● **Stored items**:
Start of Block
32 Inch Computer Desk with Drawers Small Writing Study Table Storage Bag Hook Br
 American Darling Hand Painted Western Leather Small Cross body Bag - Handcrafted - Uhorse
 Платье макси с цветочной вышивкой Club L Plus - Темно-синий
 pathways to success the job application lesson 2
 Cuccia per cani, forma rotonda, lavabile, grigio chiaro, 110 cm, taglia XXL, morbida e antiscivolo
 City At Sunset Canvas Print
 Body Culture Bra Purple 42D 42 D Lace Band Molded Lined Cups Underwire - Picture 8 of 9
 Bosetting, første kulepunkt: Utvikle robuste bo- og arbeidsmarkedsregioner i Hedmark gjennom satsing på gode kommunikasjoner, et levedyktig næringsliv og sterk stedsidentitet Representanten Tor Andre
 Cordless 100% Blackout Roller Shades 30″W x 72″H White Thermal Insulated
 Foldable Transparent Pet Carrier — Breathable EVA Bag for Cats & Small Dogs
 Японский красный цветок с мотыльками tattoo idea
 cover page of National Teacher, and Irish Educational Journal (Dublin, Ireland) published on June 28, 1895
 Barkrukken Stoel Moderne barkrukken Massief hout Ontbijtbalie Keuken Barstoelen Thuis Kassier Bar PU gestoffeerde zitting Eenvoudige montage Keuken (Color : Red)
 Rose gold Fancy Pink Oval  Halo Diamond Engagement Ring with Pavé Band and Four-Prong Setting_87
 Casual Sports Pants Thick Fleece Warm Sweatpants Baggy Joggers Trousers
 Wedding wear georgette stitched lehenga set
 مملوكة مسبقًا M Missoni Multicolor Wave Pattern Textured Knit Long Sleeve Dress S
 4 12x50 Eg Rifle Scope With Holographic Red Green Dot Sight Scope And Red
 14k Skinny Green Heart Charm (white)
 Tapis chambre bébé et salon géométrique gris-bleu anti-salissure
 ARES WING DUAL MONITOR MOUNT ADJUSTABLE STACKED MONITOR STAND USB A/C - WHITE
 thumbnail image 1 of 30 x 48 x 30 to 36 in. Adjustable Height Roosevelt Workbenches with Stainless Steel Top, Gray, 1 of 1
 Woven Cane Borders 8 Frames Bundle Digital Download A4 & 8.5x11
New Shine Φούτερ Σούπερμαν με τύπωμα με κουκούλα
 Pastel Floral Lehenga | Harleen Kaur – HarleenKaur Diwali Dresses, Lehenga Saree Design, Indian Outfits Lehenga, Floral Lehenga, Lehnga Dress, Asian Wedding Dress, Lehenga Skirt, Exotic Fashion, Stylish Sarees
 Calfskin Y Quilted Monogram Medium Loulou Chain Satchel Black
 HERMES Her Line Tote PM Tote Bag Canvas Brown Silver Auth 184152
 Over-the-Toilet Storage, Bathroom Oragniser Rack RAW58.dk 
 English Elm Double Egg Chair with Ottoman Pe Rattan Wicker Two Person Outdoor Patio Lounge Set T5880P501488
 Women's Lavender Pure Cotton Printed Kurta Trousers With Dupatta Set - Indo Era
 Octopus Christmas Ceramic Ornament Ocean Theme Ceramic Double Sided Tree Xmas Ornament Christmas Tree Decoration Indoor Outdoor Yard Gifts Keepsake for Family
End of Block
● **EXERCISE**: Retype only this portion of the data above: the line containing "American Darling Hand", the line containing "Body Culture Bra", and all lines between them, exactly.

● **SOLUTION TO THE PROBLEM**:
 American Darling Hand Painted Western Leather Small Cross body Bag - Handcrafted - Uhorse
 Платье макси с цветочной вышивкой Club L Plus - Темно-синий
 pathways to success the job application lesson 2
 Cuccia per cani, forma rotonda, lavabile, grigio chiaro, 110 cm, taglia XXL, morbida e antiscivolo
 City At Sunset Canvas Print
 Body Culture Bra Purple 42D 42 D Lace Band Molded Lined Cups Underwire - Picture 8 of 9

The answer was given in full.